Renart : Assez intense en effet, c’est pour cela que niveau dessin, j’ai voulu faire quelque chose de plus simple que d’habitude. Avec cette histoire assez dure, je pense qu’un dessin plus fin, plus vaporeux convient mieux.

Sceneario.com : La dualité à laquelle est confrontée Charlie est extrêmement forte au point de la perturber au plus haut point. Comment avez-vous travaillé la psychologie de ce personnage ?

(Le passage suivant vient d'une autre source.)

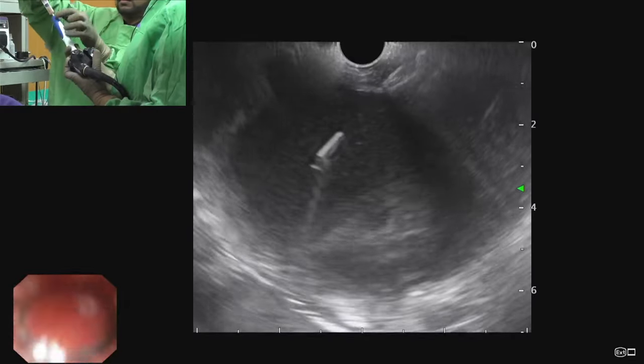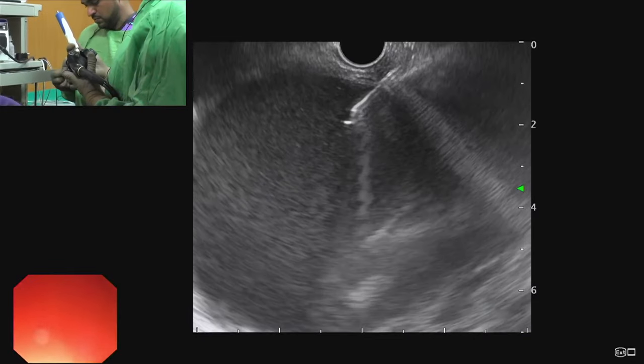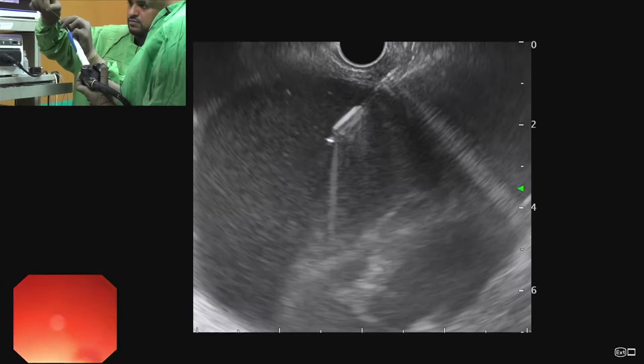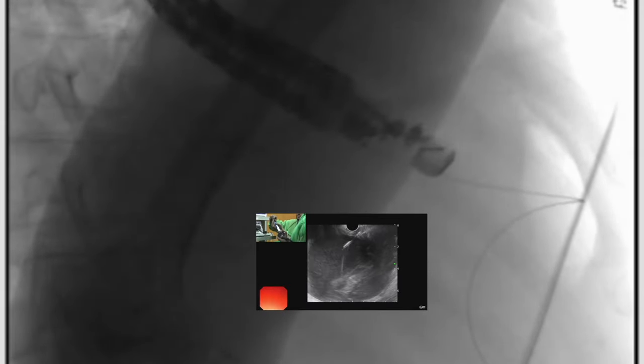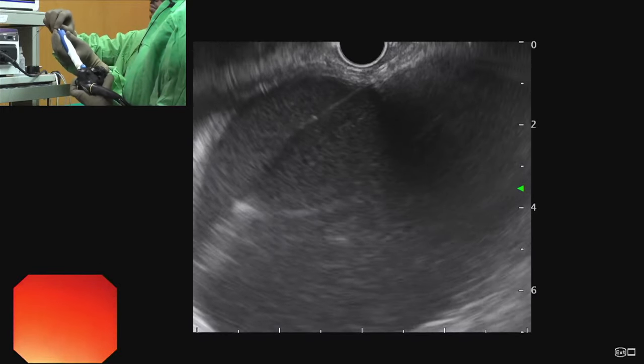After aspirating the fluid, the next step is passing a guidewire inside the collection. Once the guidewire is placed, we should make multiple loops — these loops should be confirmed under fluoroscopy. Sometimes the wire may perforate through the opposite wall of the cyst and enter the peritoneal cavity, so it is better to use a J-shaped guidewire. On fluoroscopy we can see the wire forming multiple circular loops, confirming it is inside the fluid collection.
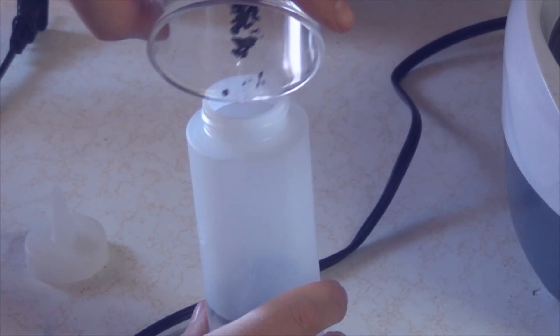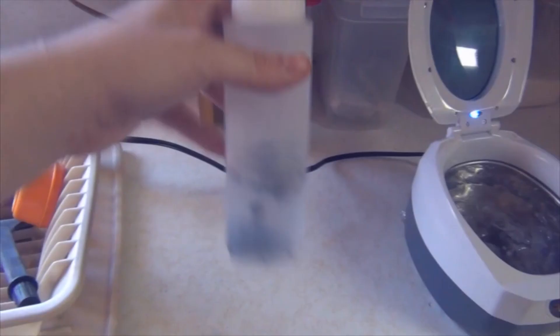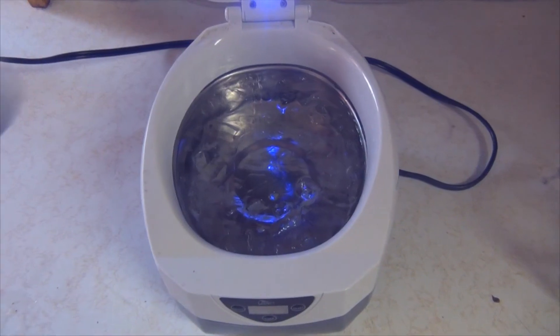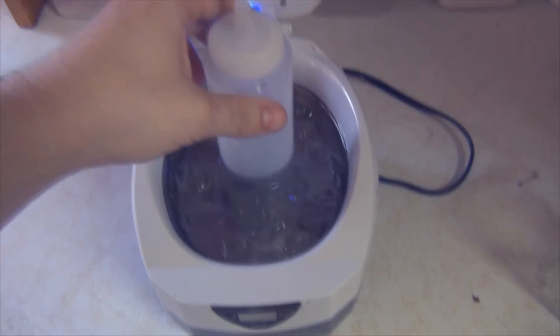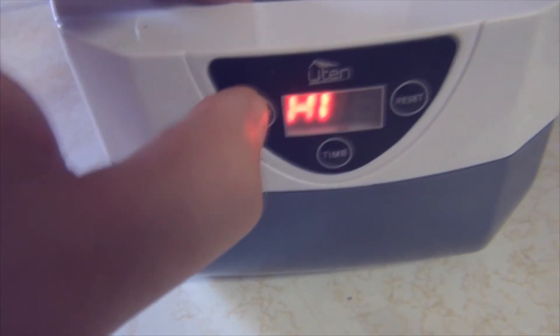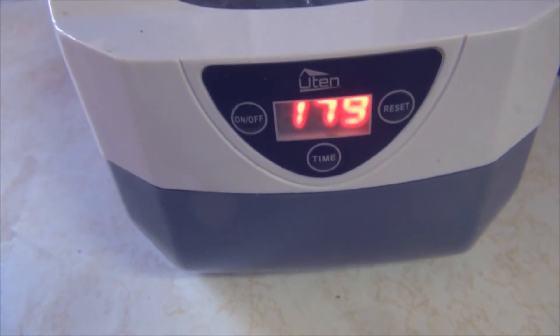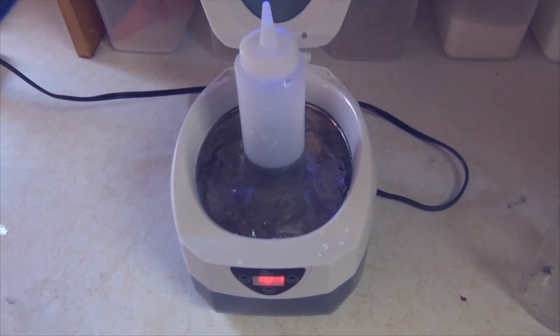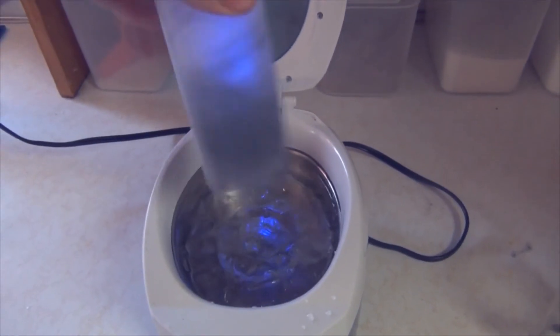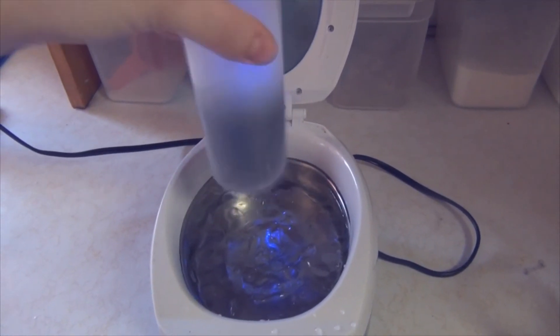Transfer the graphite nanoplatelets into the container. Give everything a good mix since these particles don't mix well and you want to break them up. Add it into the ultrasonic cleaner and start the ultrasonication process. Do this for about 30 minutes, and periodically pick up the container and shake it to help break up the particles.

Charlotte Blazy : On est partis de mes sentiments et de mon parcours factuel, puis, avec Joseph, on a créé un personnage, Charlie, et on a imaginé son univers : un monde à la fois réaliste et fantasmatique, dans lequel des objets s’animent, parlent, et où les gosses de 7 ans fument comme des pompiers. Mais tout cela contribue à parler de Charlie, de son malaise et de sa façon d’envisager la vie, le monde, son rapport aux autres.

Joseph Safieddine : « Exposez-vous à vos peurs les plus profondes ; après cela, la peur ne pourra plus vous atteindre. » Jim Morrison

Sceneario.com : Quel est votre sentiment par rapport au travail que vous avez réalisé ensemble et par le fait que celui-ci se retrouve en vente chez les libraires ?

Charlotte Blazy : Je ne réalise pas encore très bien… La collaboration entre Joseph et moi n’a pas été tous les jours facile, puisqu’il s’agissait pour moi de lâcher prise et de laisser exister le personnage en dehors de moi. Mais l’avantage c’est que ça m’a préparée à voir Charlie naître sous la plume de Renart ! Et, honnêtement… je suis super fière de nous trois, parce qu’une bd à six mains, d’autant plus que Renart habite Lyon et Joseph et moi en Île de France, ça n’était pas très simple, et ça a pourtant été très joyeux.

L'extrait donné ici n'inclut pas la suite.